*Your instructions:*
Leaving out every picture, output the records below exactly as they are.

*** Opening of Entries shown ***

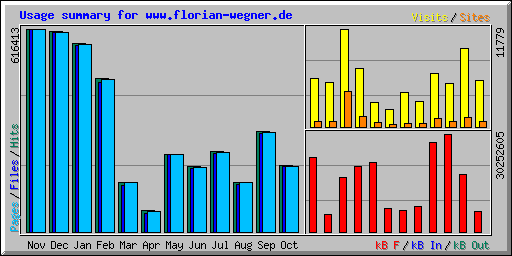 Usage summary for www.florian-wegner.de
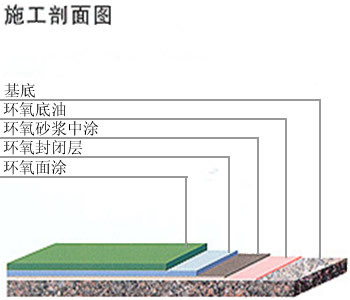 環(huán)氧砂漿薄涂地坪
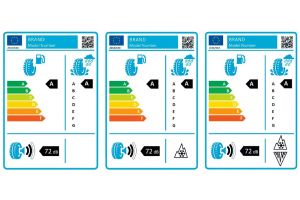 Naľavo je dnešná podoba štítka, v strede a napravo sú štítky ako budú vyzerať po schválení návrhu Európskej komisie.
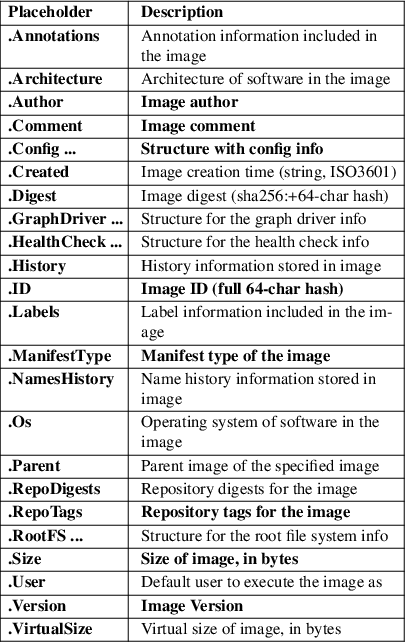 Image /var/www/mancx/application/src/../www/___/img/man1/man1/podman-image-inspect1.png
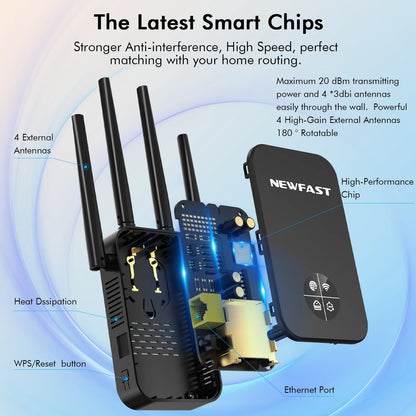 NEWFAST Wi-Fi Repeater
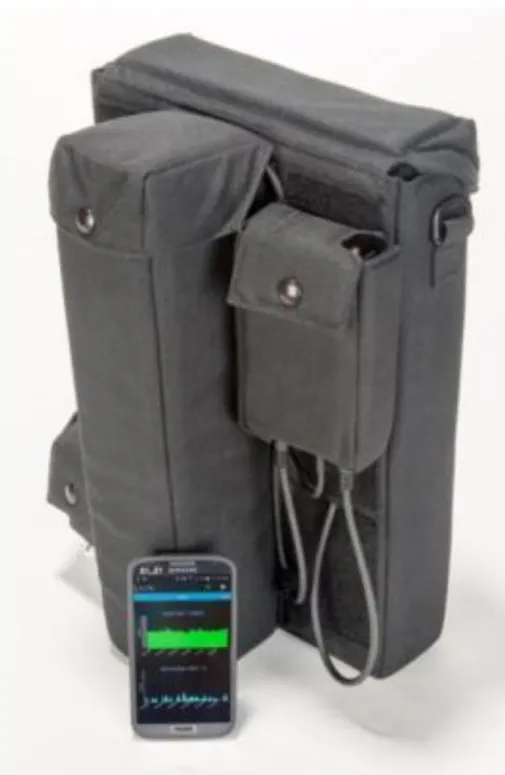 Figure 4 – A Gemini backpack detector system showing the sodium iodide compartment (long  tube at front) as well as a screenshot of the AVID data collection program on the Galaxy  smartphone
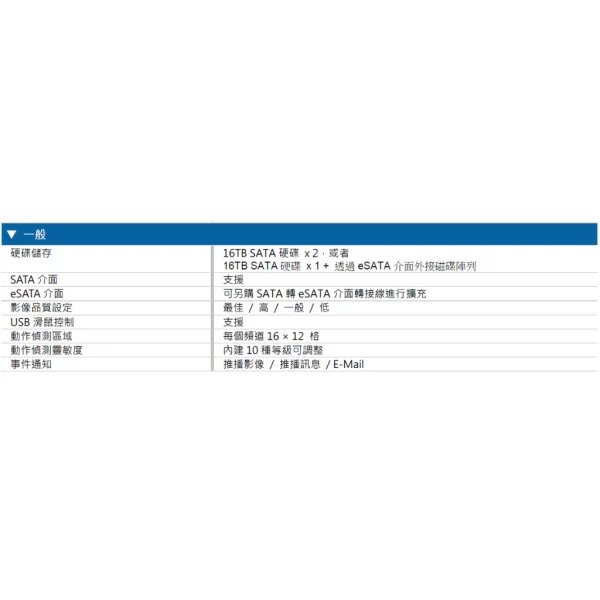 【 大林電子 】 AVTECH H.265 5MP 五合一16CH XVR 監控主機 DGD2017A-U1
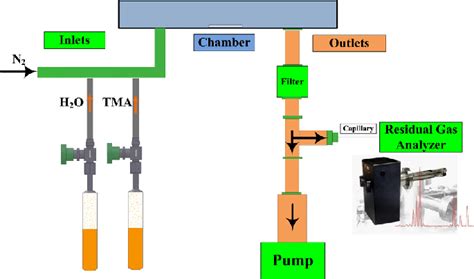 Experimental ALD System With Residual Gas Analyzer RGA To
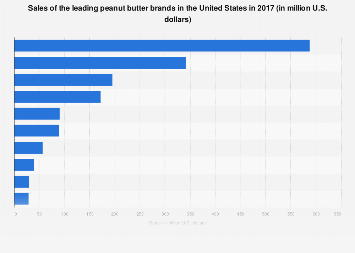 Peanut butter: sales of leading brands in the U.S. 2017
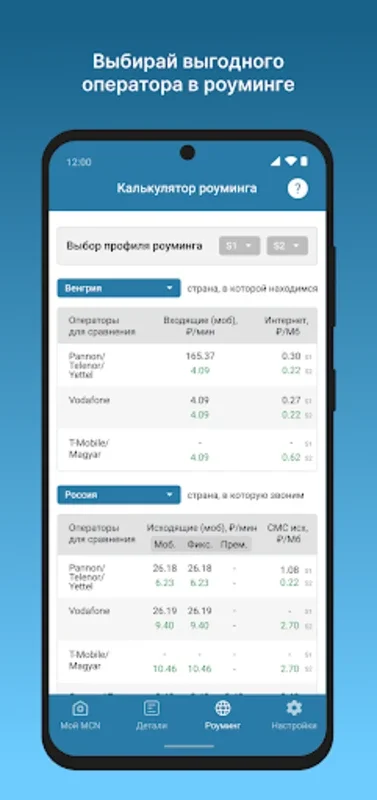 Мой MCN for Android - Manage Mobile Services Easily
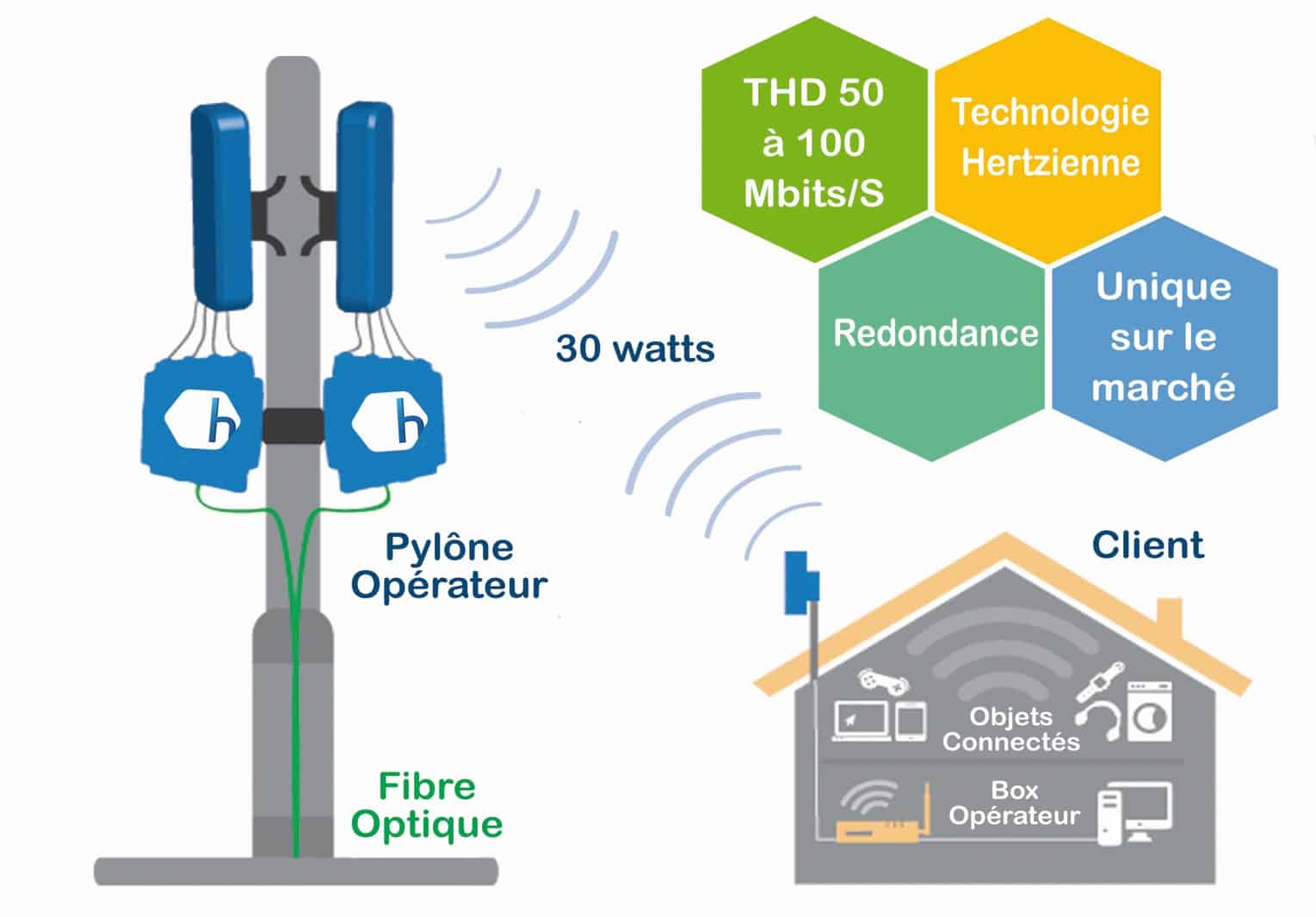 hexacom-services-internet-fast-wireless-fonctionnement-illustration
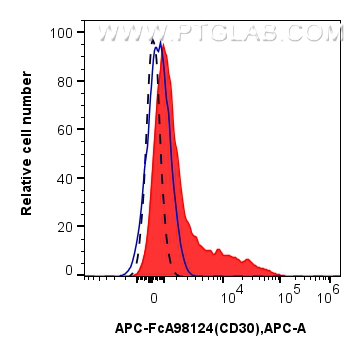Flow cytometry (FC) experiment of human PBMCs using FcZero-rAb™ APC Anti-Human CD30/TNFRSF8 Rabbit Rec (APC-FcA98124)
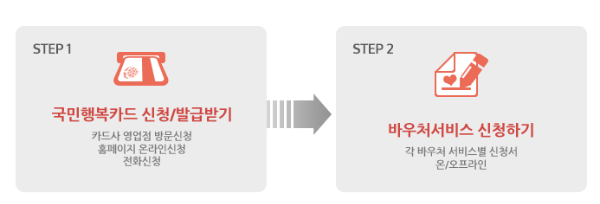 국민행복카드 신청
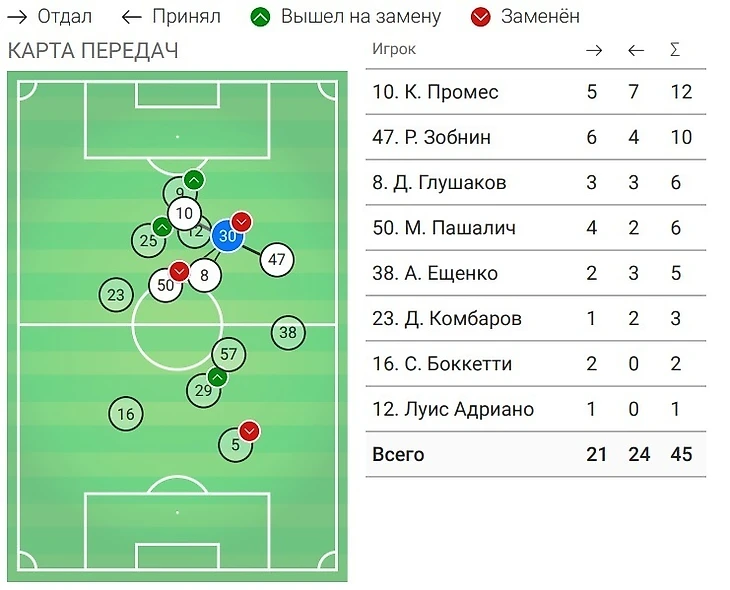 Карта передач Софьяна Ханни. По данным WyScout.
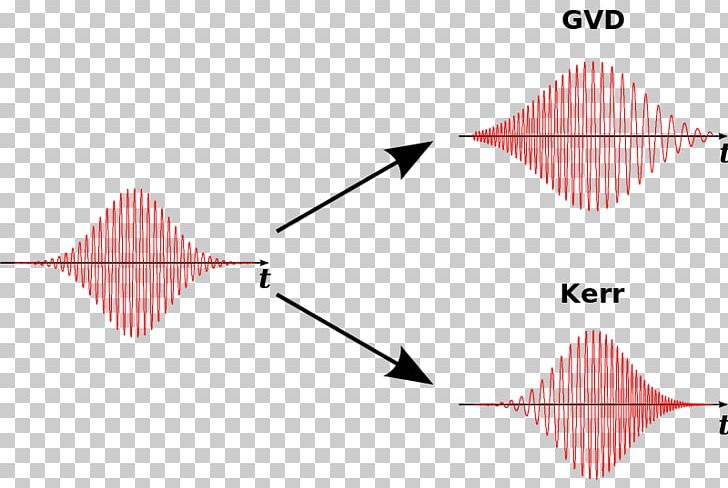 Soliton Nonlinear Waves: Classical And Quantum Aspects Optics Wave Propagation Diffraction PNG, Clipart, Angle, Diagram, Diffraction, Dispersion, Electromagnetic Radiation Free PNG Download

*** Close of Entries shown ***

*Output of the task:*
 Usage summary for www.florian-wegner.de
 環(huán)氧砂漿薄涂地坪
 Naľavo je dnešná podoba štítka, v strede a napravo sú štítky ako budú vyzerať po schválení návrhu Európskej komisie.
 Image /var/www/mancx/application/src/../www/___/img/man1/man1/podman-image-inspect1.png
 NEWFAST Wi-Fi Repeater
 Figure 4 – A Gemini backpack detector system showing the sodium iodide compartment (long  tube at front) as well as a screenshot of the AVID data collection program on the Galaxy  smartphone
 【 大林電子 】 AVTECH H.265 5MP 五合一16CH XVR 監控主機 DGD2017A-U1
 Experimental ALD System With Residual Gas Analyzer RGA To
 Peanut butter: sales of leading brands in the U.S. 2017
 Мой MCN for Android - Manage Mobile Services Easily
 hexacom-services-internet-fast-wireless-fonctionnement-illustration
Flow cytometry (FC) experiment of human PBMCs using FcZero-rAb™ APC Anti-Human CD30/TNFRSF8 Rabbit Rec (APC-FcA98124)
 국민행복카드 신청
 Карта передач Софьяна Ханни. По данным WyScout.
 Soliton Nonlinear Waves: Classical And Quantum Aspects Optics Wave Propagation Diffraction PNG, Clipart, Angle, Diagram, Diffraction, Dispersion, Electromagnetic Radiation Free PNG Download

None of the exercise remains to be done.